§ **WHAT IS EXPECTED**
Repeat the listing exactly as given, omitting every image.
====== DATA BLOCK
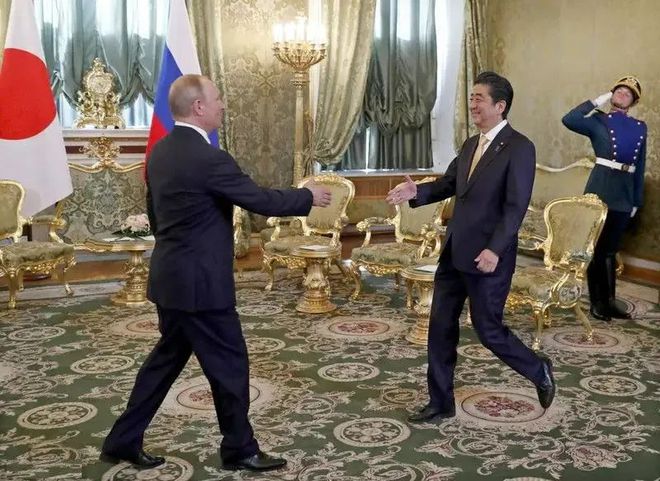 Toho roku se Putin v Kremlu setkal s tehdejším japonským premiérem Šinzó Abem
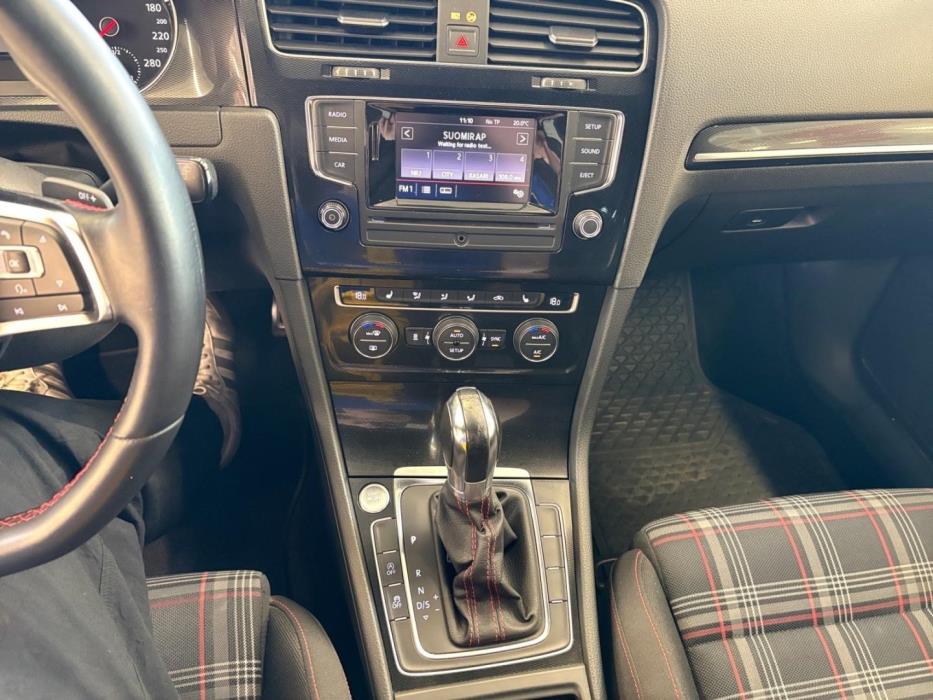 VOLKSWAGEN Golf 2013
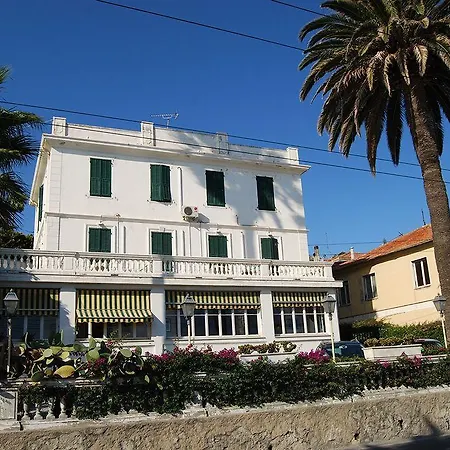 La Brise ホテル 3*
============
§ **ANSWER TO THIS EXERCISE**
 Toho roku se Putin v Kremlu setkal s tehdejším japonským premiérem Šinzó Abem
 VOLKSWAGEN Golf 2013
 La Brise ホテル 3*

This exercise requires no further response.